The other subtle part of the existing Linux semantics is that a simple
longjmp out of a signal handler serves to take you off the signal stack
in a safe and reliable fashion without having used sigreturn (nor having
just returned from the handler normally, which means the same). After
the longjmp (or even informal stack switching not via any proper libc or
kernel interface), the alternate signal stack stands ready to be used
again.

A paranoid program would allocate a PROT_NONE red zone around its
alternate signal stack. Then a small overflow would trigger a SIGSEGV in
handler setup, and be fatal (core dump) whether or not SIGSEGV is
blocked.
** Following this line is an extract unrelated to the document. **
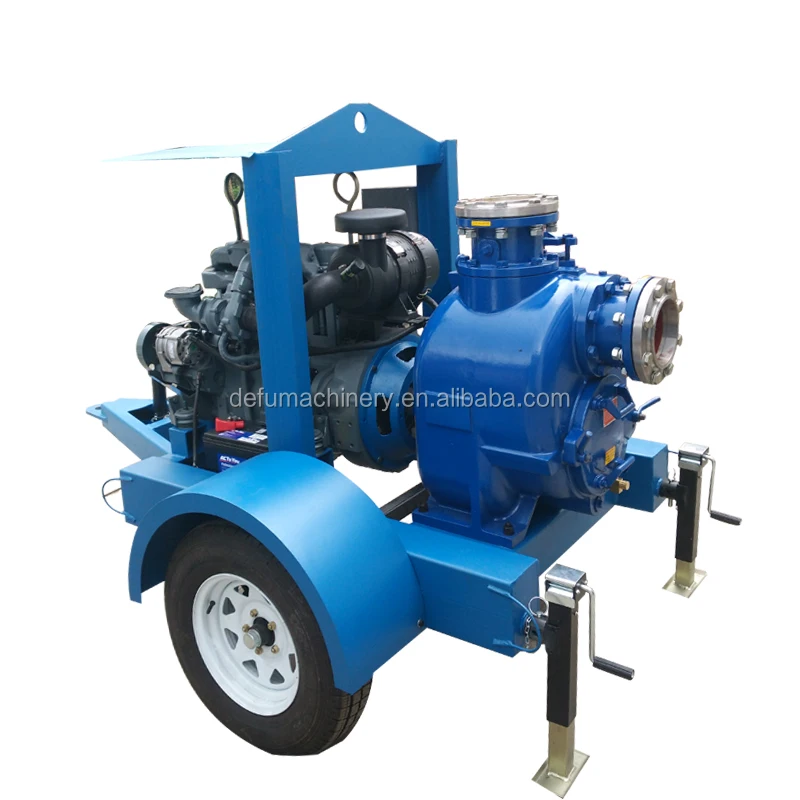 6 inch farm irrigation movable diesel water pump prices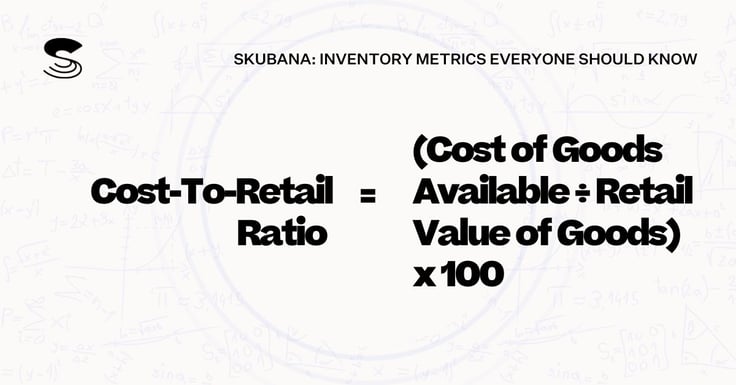 Cost-To-Retail Ratio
As with thread stack red zones, that cannot catch all overflows
(or underflows). e.g., a local array as large as page size allocated in
a function called from a handler, but not actually touched before more
calls push more stack, could cause an overflow that silently pushes into
some unrelated allocated pages.

The BSD behavior does not do anything in particular about overflow. But
it does at least avoid the wraparound or "ring buffer effect", so you'll
just get a straightforward all-out overflow down your address space past
the low end of the alternate signal stack. I don't know what the BSD
behavior is for longjmp out of an SA_ONSTACK handler.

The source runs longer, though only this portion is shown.